Y2K was a special time in monetary history—interest rates were high and currencies were strong. Financial conditions were tight. And the price of gold dropped below $300 an ounce and stayed there for a while.
I remember listening to the financial market report while driving my Toyota Tercel through downtown San Francisco and hearing that gold was two hundred-something an ounce. That sounds cheap, I thought.
Fast-forward two decades, and you’ll see that the last six months have been unkind to gold.
What’s interesting about it is that we’ve had a boatload of positive gold catalysts—unlimited deficit spending and unlimited monetary easing, not to mention some civil unrest thrown in—yet gold has been the worst-performing commodity.
- The reason is that lots of people have been attracted to digital gold—Bitcoin.
This is impossible to measure, but it’s my belief that Bitcoin has drawn billions of assets away from gold. And in recent weeks, gold and Bitcoin have been negatively correlated. As Bitcoin has gone down, gold has gone up.
Source: Jerry Jordan on Twitter
Winners & Losers
Bitcoin has proven that it is no store of value, after being so easily manipulated by a temperamental billionaire, in an elaborate pump-and-dump scheme. Nice asset you got there.
You can’t do that to gold—it’s simply too big. Even the Reddit jerks who tried to manipulate silver sustained heavy losses. These markets are large and liquid, and it just cannot be done.
Cryptocurrencies are very young. A good analogy is the internet bubble of the late 1990s when there were thousands of (mostly unprofitable) dot-com companies. Fast-forward 20 years, and all of them are gone except for four.

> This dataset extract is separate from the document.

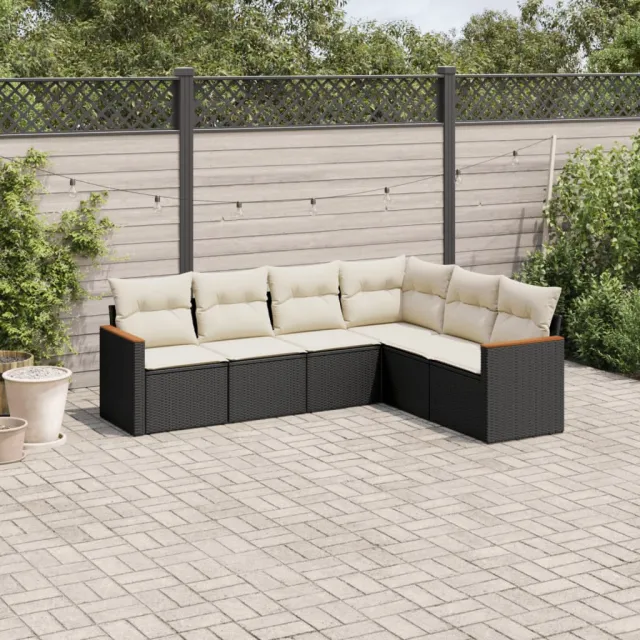 vidaXL 6-delige Loungeset met kussens poly rattan zwart, foto 2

If you had correctly picked those four companies, you were rewarded with unbelievable returns. But if you invested in Webvan’s grocery-delivery business, for example, you got a zero.

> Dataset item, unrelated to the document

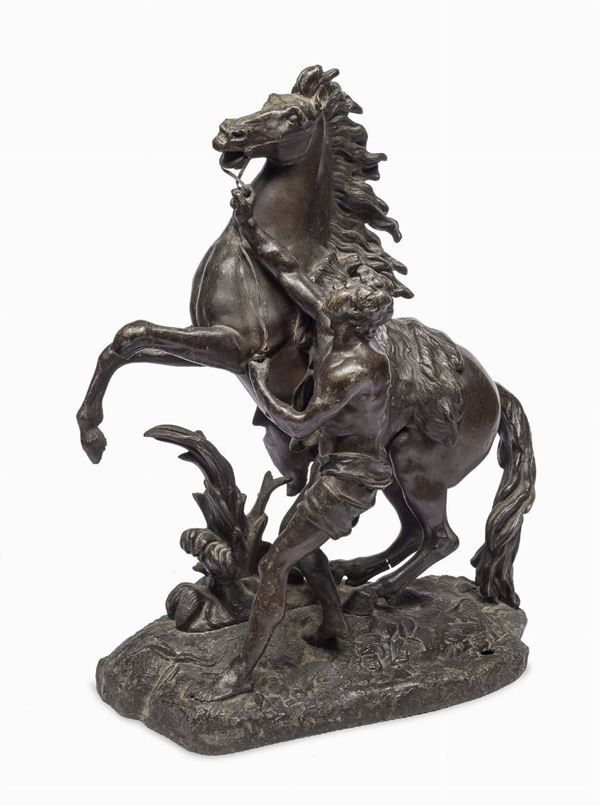 SCULTURA DI DIOSCURO IN ANTIMONIO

It’s not easy to pick the winners, and that’s what we’re being asked to do with crypto.
Bitcoin might not be around in five years. Maybe not Ethereum, either. Maybe the winner will be something else. Maybe it will be central bank digital currencies. I put this one in the too hard pile, but I’m pretty sure of one thing. That is…
Precious metals in the aggregate represent 30% of my portfolio. For most people, I recommend 10% to 20%, whether they are implementing the Awesome Portfolio or not.
Adding gold to a portfolio improves its risk characteristics and dampens volatility.
And no asset class has a greater propensity to disappoint, to sell off at the most inopportune and inconvenient times, and rally when people least expect it.
The Only Reason NOT to Be a Gold HODLer
I’ve been dealing with the arbitrary and capricious nature of gold for 16 years, and I’ve reached the point where I just have a great deal of patience with it. It will go when it goes.
But gold does have a tinfoil hat element to it, though gold investors seem downright sane next to the Bitcoin investors.
- The original HODLers were gold investors—go back to 2011, and people were saying that they would never sell.
The one lesson I took from that episode is that there is always a time to sell. Everything is a trade.
The Bitcoin people took this to an extreme, and they’re now sitting on a pile of losses. The older I get, the better I feel about taking profits, especially in the trades I like the most.
- But in gold, there is no reason to take profits until the day that we start running balanced budgets in the United States.
If we get a fiscally conservative president and a hawkish Fed, the jig will be up, and markets will discount that well into the future. So, I am always on the alert if the political winds start blowing in a different direction.
Until then, I will be rolling around with my 30% precious metals position. It does not have a great deal of volatility (at the moment), so it does not cause me a great deal of stress.
And gold appears to be breaking out to retest the old highs of $2,070 or so. That’s about 11% higher than today’s prices.
If you find that you don’t own enough, now might be a good time to start.